S3 to QuickSight

Hello Everyone,

I want to integrate show the S3 data on QuickSight Dashboard manually. The data in S3 is in parquet format. I want to know if I would be able to integrate S3 bucket to QuickSight Dashboard directly. The data inside S3 bucket will be in parquet format. Also, can quicksight handle the new data added into S3 automatically? S3 expects to get new data daily, once the data is Put into S3 β†’ expectation is that the data from S3 will be shown on QS Dashboard.

Please guide me,

Thanks a lot.

Hello DeepPatel,

You could refer Creating a dataset using Amazon S3 files - Amazon QuickSight to connect to S3 from Quicksight.
As far as i know QS does not support S3 file in Parquet format. But you may use Athena as Dataset to support parquet format.

You can use files in Amazon S3 or on your local (on-premises) network as data sources. QuickSight supports files in the following formats:

  • CSV and TSV – Comma-delimited and tab-delimited text files
  • ELF and CLF – Extended and common log format files
  • JSON – Flat or semistructured data files
  • XLSX – Microsoft Excel files

QuickSight supports UTF-8 file encoding, but not UTF-8 (with BOM).

Files in Amazon S3 that have been compressed with zip, or gzip (www.gzip.org

), can be imported as-is. If you used another compression program for files in Amazon S3, or if the files are on your local network, remove compression before importing them.

Hope this helps.
Cheers,
Deep

1 Like

Hi DeepPatel - Welcome to AWS QuickSight community and thanks for posting the question.

Yes QuickSight can connect to S3 to import (delimited) text files.

You have to create a manifest file for the same, as @Deep mentioned however it does not support parquet format directly.
https://docs.aws.amazon.com/quicksight/latest/user/supported-manifest-file-format.html

Since you require parquet format, the best way is to load the data in Athena, also if you are looking for a serverless solution:
https://docs.aws.amazon.com/quicksight/latest/user/create-a-data-set-athena.html

Remember to design with partition best practices for cost effectiveness and optimise performance.

Take a look at β€œBest practices when using Athena with AWS Glue”:
https://docs.aws.amazon.com/athena/latest/ug/glue-best-practices.html

Consider SerDe based on the types of values your data contains:
https://docs.aws.amazon.com/athena/latest/ug/serde-reference.html

Regarding your question on frequency to update the data into QuickSight

You can set the Glue Crawler schedule for how often it should update the Glue Data Catalog for Athena.
Schedule the crawler to keep the AWS Glue Data Catalog and Amazon S3 in sync. (in the Best practices link above)

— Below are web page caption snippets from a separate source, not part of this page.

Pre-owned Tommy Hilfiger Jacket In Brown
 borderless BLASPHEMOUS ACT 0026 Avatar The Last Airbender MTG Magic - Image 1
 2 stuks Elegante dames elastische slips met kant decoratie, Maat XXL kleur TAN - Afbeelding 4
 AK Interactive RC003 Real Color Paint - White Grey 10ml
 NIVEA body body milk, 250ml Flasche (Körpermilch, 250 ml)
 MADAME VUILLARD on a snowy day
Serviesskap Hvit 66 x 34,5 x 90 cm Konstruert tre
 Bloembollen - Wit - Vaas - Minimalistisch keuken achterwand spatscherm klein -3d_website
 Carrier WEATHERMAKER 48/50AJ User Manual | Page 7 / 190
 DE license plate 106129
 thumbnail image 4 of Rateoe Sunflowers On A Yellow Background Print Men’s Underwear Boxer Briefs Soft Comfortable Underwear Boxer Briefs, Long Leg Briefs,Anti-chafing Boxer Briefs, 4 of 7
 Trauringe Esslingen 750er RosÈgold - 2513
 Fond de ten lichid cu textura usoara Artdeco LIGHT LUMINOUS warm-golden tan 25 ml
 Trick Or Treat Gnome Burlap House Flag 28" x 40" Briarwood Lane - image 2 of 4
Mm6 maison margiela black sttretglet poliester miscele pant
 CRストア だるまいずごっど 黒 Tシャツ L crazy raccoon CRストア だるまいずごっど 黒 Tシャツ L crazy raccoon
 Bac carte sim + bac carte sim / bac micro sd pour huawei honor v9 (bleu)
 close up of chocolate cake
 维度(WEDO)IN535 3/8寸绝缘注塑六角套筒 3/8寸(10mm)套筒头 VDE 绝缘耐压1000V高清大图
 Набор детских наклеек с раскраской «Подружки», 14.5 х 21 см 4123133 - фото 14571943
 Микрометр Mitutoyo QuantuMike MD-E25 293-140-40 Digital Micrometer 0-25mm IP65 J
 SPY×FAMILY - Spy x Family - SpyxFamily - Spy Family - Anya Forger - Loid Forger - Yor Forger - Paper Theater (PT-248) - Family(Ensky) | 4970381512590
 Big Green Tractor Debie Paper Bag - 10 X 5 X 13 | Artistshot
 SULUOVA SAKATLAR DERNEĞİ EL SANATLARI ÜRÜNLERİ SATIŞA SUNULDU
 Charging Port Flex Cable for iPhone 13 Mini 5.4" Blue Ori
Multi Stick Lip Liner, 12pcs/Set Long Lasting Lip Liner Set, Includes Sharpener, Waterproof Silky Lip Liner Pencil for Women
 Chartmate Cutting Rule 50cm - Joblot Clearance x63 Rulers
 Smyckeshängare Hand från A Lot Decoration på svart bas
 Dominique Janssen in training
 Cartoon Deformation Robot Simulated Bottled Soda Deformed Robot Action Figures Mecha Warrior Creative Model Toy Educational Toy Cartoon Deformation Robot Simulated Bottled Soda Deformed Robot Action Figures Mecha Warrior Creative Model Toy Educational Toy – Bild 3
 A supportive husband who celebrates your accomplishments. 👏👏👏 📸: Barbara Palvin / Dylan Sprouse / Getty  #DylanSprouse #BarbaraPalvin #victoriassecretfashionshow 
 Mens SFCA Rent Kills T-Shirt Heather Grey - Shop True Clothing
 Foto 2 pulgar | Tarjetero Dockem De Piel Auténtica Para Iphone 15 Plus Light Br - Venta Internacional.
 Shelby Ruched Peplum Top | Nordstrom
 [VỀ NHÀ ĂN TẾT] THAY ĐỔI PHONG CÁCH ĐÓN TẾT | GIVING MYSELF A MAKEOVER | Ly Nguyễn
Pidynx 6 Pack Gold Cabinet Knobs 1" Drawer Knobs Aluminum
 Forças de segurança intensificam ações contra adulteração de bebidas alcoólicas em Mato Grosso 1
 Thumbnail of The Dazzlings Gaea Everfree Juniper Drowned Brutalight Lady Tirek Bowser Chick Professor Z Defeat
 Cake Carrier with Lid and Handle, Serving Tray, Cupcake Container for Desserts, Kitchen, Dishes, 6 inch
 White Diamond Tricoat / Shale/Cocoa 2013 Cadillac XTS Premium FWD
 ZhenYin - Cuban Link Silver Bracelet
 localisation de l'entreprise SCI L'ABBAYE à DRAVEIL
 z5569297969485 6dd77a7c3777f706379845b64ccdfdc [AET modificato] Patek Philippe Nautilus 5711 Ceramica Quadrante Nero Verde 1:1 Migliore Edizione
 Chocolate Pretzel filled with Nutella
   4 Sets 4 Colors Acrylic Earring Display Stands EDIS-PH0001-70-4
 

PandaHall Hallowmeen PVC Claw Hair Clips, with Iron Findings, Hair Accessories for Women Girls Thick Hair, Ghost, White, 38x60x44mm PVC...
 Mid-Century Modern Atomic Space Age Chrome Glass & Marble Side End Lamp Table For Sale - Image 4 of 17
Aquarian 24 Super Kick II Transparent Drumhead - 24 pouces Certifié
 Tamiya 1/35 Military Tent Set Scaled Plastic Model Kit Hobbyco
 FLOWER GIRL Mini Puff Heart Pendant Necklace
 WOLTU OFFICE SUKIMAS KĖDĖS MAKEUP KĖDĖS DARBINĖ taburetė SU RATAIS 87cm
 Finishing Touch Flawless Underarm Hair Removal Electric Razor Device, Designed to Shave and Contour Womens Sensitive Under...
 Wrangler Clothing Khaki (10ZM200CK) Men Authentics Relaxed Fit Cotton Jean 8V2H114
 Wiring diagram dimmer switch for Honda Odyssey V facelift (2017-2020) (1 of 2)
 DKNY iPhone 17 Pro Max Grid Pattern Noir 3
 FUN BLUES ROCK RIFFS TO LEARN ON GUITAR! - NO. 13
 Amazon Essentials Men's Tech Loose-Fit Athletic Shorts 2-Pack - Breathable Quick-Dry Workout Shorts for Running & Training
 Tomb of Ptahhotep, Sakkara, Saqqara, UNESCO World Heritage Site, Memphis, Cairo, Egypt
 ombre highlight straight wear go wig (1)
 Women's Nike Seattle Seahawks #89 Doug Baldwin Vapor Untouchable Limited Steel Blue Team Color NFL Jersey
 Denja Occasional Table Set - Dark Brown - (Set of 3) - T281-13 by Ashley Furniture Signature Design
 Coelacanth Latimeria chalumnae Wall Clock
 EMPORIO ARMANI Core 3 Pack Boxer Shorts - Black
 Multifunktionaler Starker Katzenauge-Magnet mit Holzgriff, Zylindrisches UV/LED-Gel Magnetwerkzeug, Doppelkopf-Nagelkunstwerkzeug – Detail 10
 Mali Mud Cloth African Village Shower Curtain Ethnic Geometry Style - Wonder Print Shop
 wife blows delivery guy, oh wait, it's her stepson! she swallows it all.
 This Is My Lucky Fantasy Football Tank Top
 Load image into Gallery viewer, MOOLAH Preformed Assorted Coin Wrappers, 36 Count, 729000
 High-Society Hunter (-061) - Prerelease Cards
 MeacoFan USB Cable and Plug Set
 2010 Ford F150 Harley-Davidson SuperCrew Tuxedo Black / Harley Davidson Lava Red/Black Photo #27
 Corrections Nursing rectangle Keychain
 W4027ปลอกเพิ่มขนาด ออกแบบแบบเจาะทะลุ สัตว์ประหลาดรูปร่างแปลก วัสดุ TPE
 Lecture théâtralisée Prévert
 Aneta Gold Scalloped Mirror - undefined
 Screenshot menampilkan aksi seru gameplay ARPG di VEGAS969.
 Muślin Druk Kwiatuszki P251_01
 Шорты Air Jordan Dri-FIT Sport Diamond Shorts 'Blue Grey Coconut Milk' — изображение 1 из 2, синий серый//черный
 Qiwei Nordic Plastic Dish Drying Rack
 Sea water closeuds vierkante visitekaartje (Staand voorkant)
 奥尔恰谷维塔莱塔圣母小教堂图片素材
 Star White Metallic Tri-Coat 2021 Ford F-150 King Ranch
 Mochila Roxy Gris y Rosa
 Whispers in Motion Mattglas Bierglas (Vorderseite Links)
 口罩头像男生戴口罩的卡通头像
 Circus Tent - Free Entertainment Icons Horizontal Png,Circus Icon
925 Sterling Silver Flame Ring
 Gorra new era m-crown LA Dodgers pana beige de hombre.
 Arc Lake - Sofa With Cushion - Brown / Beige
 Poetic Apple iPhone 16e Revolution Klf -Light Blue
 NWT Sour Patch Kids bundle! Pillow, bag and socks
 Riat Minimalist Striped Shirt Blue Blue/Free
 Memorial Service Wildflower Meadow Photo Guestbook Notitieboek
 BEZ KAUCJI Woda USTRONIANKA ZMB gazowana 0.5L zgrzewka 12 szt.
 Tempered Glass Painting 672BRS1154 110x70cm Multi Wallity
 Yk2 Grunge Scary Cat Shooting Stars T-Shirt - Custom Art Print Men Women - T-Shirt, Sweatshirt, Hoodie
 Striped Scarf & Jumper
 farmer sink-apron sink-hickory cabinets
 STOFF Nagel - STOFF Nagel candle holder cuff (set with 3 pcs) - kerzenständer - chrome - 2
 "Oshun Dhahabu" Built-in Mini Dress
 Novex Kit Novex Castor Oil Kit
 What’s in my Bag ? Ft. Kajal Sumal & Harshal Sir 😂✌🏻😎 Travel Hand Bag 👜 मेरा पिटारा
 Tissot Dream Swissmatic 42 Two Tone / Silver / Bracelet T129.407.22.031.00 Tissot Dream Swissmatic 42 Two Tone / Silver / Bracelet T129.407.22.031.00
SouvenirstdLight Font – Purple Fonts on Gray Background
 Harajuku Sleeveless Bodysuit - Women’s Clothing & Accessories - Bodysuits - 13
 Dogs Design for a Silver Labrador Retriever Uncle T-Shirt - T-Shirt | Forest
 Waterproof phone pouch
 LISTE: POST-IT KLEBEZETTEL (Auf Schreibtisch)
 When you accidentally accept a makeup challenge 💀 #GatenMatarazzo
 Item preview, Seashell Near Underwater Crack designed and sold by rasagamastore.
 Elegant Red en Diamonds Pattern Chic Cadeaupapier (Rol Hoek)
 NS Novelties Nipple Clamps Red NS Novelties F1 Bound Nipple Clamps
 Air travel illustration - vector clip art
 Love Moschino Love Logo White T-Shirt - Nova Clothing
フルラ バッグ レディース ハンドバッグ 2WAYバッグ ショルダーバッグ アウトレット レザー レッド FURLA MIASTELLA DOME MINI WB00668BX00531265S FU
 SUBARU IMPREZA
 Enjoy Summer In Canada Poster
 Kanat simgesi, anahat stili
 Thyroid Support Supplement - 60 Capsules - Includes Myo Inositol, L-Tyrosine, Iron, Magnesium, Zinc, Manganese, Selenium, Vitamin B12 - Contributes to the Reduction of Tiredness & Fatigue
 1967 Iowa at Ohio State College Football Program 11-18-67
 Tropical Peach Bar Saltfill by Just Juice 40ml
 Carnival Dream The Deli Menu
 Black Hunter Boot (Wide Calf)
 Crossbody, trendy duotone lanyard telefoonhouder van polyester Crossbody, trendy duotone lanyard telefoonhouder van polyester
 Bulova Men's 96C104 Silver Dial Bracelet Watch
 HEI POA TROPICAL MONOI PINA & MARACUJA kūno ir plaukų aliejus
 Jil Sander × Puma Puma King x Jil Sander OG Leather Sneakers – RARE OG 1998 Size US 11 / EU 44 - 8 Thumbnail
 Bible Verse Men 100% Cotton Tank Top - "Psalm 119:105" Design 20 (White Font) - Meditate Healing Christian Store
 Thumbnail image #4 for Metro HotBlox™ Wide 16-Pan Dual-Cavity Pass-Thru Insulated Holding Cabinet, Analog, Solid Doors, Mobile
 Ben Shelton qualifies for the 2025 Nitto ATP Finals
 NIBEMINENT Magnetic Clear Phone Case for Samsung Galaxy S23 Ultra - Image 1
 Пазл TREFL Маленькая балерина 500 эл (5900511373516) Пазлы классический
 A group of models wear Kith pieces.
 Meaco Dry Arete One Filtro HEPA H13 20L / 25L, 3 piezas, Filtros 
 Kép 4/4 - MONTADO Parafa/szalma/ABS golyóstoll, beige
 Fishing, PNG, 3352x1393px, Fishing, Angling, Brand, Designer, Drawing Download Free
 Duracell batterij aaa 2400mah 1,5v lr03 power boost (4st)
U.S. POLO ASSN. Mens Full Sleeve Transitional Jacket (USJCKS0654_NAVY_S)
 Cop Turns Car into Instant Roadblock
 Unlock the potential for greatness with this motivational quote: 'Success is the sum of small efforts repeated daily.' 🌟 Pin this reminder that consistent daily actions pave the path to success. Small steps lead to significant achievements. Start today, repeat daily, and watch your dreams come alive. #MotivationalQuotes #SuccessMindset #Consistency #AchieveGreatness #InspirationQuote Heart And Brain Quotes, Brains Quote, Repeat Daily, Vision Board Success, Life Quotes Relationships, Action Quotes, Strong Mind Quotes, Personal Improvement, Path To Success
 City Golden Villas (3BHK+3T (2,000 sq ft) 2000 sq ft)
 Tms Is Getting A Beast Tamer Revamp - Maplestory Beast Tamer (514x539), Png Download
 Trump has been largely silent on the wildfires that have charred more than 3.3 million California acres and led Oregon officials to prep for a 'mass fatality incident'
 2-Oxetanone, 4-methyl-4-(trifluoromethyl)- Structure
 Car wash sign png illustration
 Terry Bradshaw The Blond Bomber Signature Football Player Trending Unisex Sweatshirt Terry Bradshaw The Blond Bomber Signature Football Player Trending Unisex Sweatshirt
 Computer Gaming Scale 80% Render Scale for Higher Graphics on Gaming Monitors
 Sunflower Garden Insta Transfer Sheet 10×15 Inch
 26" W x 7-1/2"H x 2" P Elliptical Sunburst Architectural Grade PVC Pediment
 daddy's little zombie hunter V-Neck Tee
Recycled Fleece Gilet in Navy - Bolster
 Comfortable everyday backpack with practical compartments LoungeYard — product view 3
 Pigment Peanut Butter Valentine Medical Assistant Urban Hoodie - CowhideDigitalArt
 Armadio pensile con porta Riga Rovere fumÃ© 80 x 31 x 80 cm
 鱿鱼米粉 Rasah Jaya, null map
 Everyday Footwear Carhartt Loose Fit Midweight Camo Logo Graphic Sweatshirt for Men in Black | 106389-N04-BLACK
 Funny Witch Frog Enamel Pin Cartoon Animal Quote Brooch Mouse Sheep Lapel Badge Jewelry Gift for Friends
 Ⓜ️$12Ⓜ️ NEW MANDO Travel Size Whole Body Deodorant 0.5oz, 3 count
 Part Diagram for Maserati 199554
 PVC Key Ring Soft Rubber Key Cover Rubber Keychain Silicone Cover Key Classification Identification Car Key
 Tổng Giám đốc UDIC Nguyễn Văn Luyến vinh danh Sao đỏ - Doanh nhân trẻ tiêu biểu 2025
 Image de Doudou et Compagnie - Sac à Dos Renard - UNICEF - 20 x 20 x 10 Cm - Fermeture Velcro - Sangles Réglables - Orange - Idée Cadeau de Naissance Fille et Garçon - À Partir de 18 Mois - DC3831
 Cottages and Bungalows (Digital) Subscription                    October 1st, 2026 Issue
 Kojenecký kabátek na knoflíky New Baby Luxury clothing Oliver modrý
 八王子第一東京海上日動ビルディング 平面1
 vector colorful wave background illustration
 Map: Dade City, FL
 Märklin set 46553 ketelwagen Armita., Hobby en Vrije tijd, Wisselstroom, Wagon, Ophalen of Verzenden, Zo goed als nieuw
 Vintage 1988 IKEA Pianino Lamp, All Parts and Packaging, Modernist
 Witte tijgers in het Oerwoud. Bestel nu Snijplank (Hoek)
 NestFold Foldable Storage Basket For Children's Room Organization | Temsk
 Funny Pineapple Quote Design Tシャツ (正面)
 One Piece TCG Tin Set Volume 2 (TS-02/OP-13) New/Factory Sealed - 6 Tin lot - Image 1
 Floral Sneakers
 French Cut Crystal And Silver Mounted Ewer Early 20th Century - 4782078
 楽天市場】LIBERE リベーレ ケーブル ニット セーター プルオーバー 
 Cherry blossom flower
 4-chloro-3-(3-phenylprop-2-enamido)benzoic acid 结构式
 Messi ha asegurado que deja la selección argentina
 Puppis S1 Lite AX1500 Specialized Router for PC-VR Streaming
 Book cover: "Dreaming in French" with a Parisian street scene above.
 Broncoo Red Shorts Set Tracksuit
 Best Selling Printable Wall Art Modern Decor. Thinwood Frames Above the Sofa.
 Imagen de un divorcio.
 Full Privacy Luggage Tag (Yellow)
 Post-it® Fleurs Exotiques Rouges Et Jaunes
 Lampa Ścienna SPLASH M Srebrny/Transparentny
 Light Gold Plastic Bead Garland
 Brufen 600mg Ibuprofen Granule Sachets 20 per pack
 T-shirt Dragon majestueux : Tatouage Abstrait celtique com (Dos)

You can still decide wether you would like to query the data from QuickSight directly to Athena or if you would like to use SPICE:
https://docs.aws.amazon.com/quicksight/latest/user/spice.html

SPICE can be setup to do incremental refreshes
https://docs.aws.amazon.com/quicksight/latest/user/refreshing-imported-data.html

Regards - Dylan

2 Likes

Hi @deeppatel7981 - The preferred option to create an athena table for the parquet file and connect QuickSight with Athena. There is NO direct integration for parquet files to QS at present.

Regards - Sanjeeb

1 Like

Hi Deep,

Thanks a lot for your quick response, Parquet Format is not a hard requirement for me. I was able to change the format of the S3 data to β€œjson”, with that being considered I am adding compression to the S3 files to gzip.

Something like this:

glue_context.write_dynamic_frame.from_options(
        frame=dynamic_frame,
        connection_type="s3",
        connection_options={"path": output_path},
        format="json",
    )

write_dynamic_frame.from_options() does not support compression for json. Is it a possible way to connect S3 to QuickSight?

Thanks,
Deep

Hello @deeppatel7981, @Deep , @Sanjeeb2022 or @dylange 's

@deeppatel7981 were you able to find a solution or workaround for this or was one of the suggestions above helpful?

Hello DeepPatel,

Its been a while, we have not heard back from you. we assume the issue has been solved based on the suggestion provided before. I will mark the question as solution provided. Let us know otherwise.

thank you
cheers,
Deep